Ok I think you mean when ifcvf_stop_hw() return, hardware will not 
respond to e.g kick and other events etc.


>>
>>
>>> +
>>> +    ifcvf_stop_hw(vf);
>>> +
>>> +    return 0;
>>> +}
>>> +
>>> +static void ifcvf_reset_vring(struct ifcvf_adapter *adapter)
>>> +{
>>> +    int i;
>>> +    struct ifcvf_hw *vf = IFC_PRIVATE_TO_VF(adapter);
>>> +
>>> +    for (i = 0; i < IFCVF_MAX_QUEUE_PAIRS * 2; i++) {
>>> +        vf->vring[i].last_used_idx = 0;
>>> +        vf->vring[i].last_avail_idx = 0;
>>> +        vf->vring[i].desc = 0;
>>> +        vf->vring[i].avail = 0;
>>> +        vf->vring[i].used = 0;
>>> +        vf->vring[i].ready = 0;
>>> +        vf->vring->cb.callback = NULL;
>>> +        vf->vring->cb.private = NULL;
>>> +    }
>>> +}
>>> +
>>> +static void ifcvf_mdev_set_status(struct mdev_device *mdev, u8 status)
>>> +{
>>> +    struct ifcvf_adapter *adapter = mdev_get_drvdata(mdev);
>>> +    struct ifcvf_hw *vf = IFC_PRIVATE_TO_VF(adapter);
>>> +
>>> +    vf->status = status;
>>> +
>>> +    if (status == 0) {
>>> +        ifcvf_stop_datapath(adapter);
>>> +        ifcvf_reset_vring(adapter);
>>> +        return;
>>> +    }
>>> +
>>> +    if (status & VIRTIO_CONFIG_S_DRIVER_OK) {
>>> +        ifcvf_start_datapath(adapter);
>>> +        return;
>>> +    }
>>> +}
>>> +
>>> +static u16 ifcvf_mdev_get_queue_max(struct mdev_device *mdev)
>>> +{
>>> +    return IFCVF_MAX_QUEUES;
>>
>>
>> The name is confusing, it was used to return the maximum queue size. 
>> In new version of virtio-mdev, the callback was renamed as 
>> get_vq_num_max().
> will change that.
>>
>>
>>> +}
>>> +
>>> +static struct virtio_mdev_device_ops ifc_mdev_ops = {
>>> +    .get_features  = ifcvf_mdev_get_features,
>>> +    .set_features  = ifcvf_mdev_set_features,
>>> +    .get_status    = ifcvf_mdev_get_status,
>>> +    .set_status    = ifcvf_mdev_set_status,
>>> +    .get_queue_max = ifcvf_mdev_get_queue_max,
>>> +    .get_vq_state   = ifcvf_mdev_get_vq_state,
>>> +    .set_vq_state   = ifcvf_mdev_set_vq_state,
>>> +    .set_vq_cb      = ifcvf_mdev_set_vq_cb,
>>> +    .set_vq_ready   = ifcvf_mdev_set_vq_ready,
>>> +    .get_vq_ready    = ifcvf_mdev_get_vq_ready,
>>> +    .set_vq_num     = ifcvf_mdev_set_vq_num,
>>> +    .set_vq_address = ifcvf_mdev_set_vq_address,
>>> +    .kick_vq        = ifcvf_mdev_kick_vq,
>>> +    .get_generation    = ifcvf_mdev_get_generation,
>>> +    .get_version    = ifcvf_mdev_get_version,
>>> +    .get_device_id    = ifcvf_mdev_get_device_id,
>>> +    .get_vendor_id    = ifcvf_mdev_get_vendor_id,
>>> +    .get_vq_align    = ifcvf_mdev_get_vq_align,
>>> +};
>>
>>
>> set_config/get_config is missing.
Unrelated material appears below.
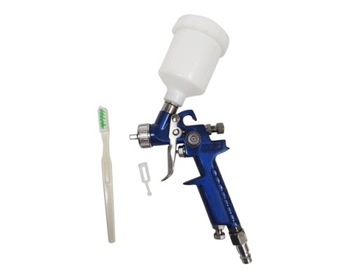 Pistolet lakierniczy do zaprawek dysza 0,8 mm plastik MAGMA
It looks to me they are not hard, 
>> just implementing the access to dev_cfg. It's key to make kernel 
>> virtio driver to work.
>>
>> And in the new version of virito-mdev, features like _F_LOG_ALL 
>> should be advertised through get_mdev_features.
> IMHO, currently the driver can work without set/get_config, vhost_mdev 
> doesn't call them for now.


Yes, but it was required by virtio_mdev for host driver to work, and it 
looks to me it's not hard to add them. If possible please add them and 
"virtio" type then we can use the ops for both the case of VM and 
containers.


>>
>>
>>> +
>>> +static int ifcvf_init_msix(struct ifcvf_adapter *adapter)
>>> +{
>>> +    int vector, i, ret, irq;
>>> +    struct pci_dev *pdev = to_pci_dev(adapter->dev);
>>> +    struct ifcvf_hw *vf = &adapter->vf;
>>> +
>>> +    ret = pci_alloc_irq_vectors(pdev, IFCVF_MAX_INTR,
>>> +            IFCVF_MAX_INTR, PCI_IRQ_MSIX);
>>> +    if (ret < 0) {
>>> +        IFC_ERR(adapter->dev, "Failed to alloc irq vectors.\n");
>>> +        return ret;
>>> +    }
>>> +
>>> +    for (i = 0; i < IFCVF_MAX_QUEUE_PAIRS * 2; i++) {
>>> +        vector = i + IFCVF_MSI_QUEUE_OFF;
>>> +        irq = pci_irq_vector(pdev, vector);
>>> +        ret = request_irq(irq, ifcvf_intr_handler, 0,
>>> +                pci_name(pdev), &vf->vring[i]);
>>> +        if (ret) {
>>> +            IFC_ERR(adapter->dev,
>>> +                "Failed to request irq for vq %d.\n", i);
>>> +            return ret;
>>> +        }
>>> +    }
>>
>>
>> Do we need to provide fallback when we can't do per vq MSIX?
> I think it would be very rarely that can not get enough vectors.


Right.


>>
>>
>>> +
>>> +    return 0;
>>> +}
>>> +
>>> +static void ifcvf_destroy_adapter(struct ifcvf_adapter *adapter)
>>> +{
>>> +    int i, vector, irq;
>>> +    struct ifcvf_hw *vf = IFC_PRIVATE_TO_VF(adapter);
>>> +    struct pci_dev *pdev = to_pci_dev(adapter->dev);
>>> +
>>> +    for (i = 0; i < IFCVF_MAX_QUEUE_PAIRS * 2; i++) {
>>> +        vector = i + IFCVF_MSI_QUEUE_OFF;
>>> +        irq = pci_irq_vector(pdev, vector);
>>> +        free_irq(irq, &vf->vring[i]);
>>> +    }
>>> +}
>>> +
>>> +static ssize_t name_show(struct kobject *kobj, struct device *dev, 
>>> char *buf)
>>> +{
>>> +    const char *name = "vhost accelerator (virtio ring compatible)";
>>> +
>>> +    return sprintf(buf, "%s\n", name);
>>> +}
>>> +MDEV_TYPE_ATTR_RO(name);
>>> +
>>> +static ssize_t device_api_show(struct kobject *kobj, struct device 
>>> *dev,
>>> +                   char *buf)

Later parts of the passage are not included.